I have already tried to provide the date list as subquery, #tempTable and @tableVar, but nothing seems to work.
Below you can see my last attempt with a subquery.
DECLARE @From DATE = '2020-10-17', @To DATE = '2020-10-25';
SELECT *
FROM OPENROWSET(BULK '/date=*/*', DATA_SOURCE = 'data', FORMAT='PARQUET') as rows
WHERE rows.filepath(1) In (
(
SELECT TOP (DATEDIFF(DAY, @From, @To) + 1) Date = DATEADD(DAY, ROW_NUMBER() OVER(ORDER BY a.object_id) - 1, @From)
FROM sys.all_objects a
CROSS JOIN sys.all_objects b
) -- Date list based on the @From and @To
When I run this code I get the following error message, just like when I use a #tempTable
The query references an object that is not supported in distributed processing mode.
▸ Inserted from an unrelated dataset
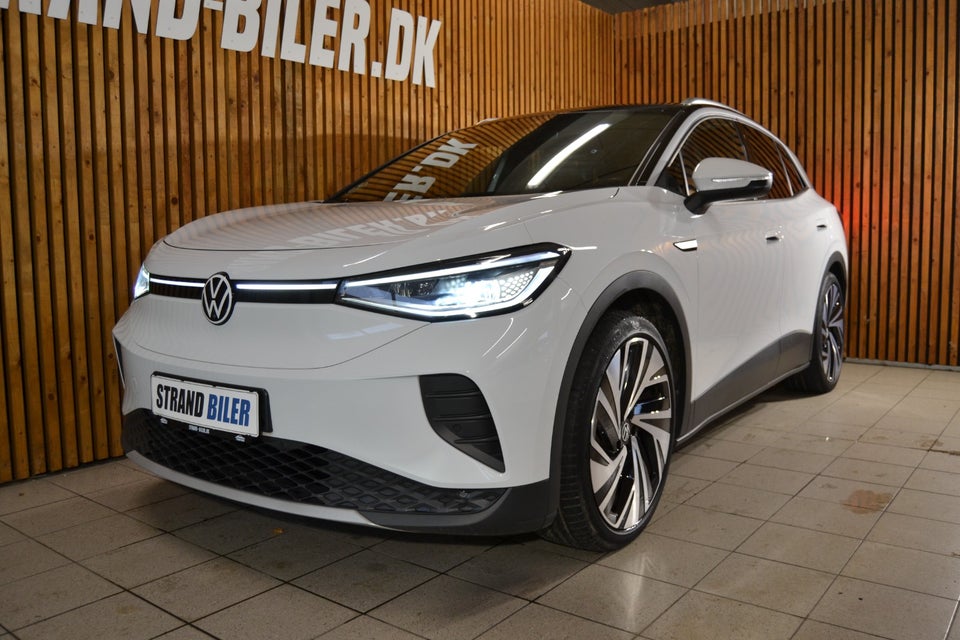 VW ID.4 77 Pro Performance Family 5d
I am grateful for every tip.
Upvotes: 0
Views: 1498
Reputation: 391
Oh man, thanks for the tip kashyap.
Somehow I did not try the most obvious solution before:
DECLARE @From DATE = '2020-10-17', @To DATE = '2020-10-25';
SELECT *
FROM OPENROWSET(BULK '/date=*/*', DATA_SOURCE = 'data', FORMAT='PARQUET') as rows
WHERE rows.filepath(1) >= @From and rows.filepath(1) <= @To
This solution provides the correct result and also utilizes the partitioning to ensure that as few data as possible has to be retrieved from the data lake.
Upvotes: 2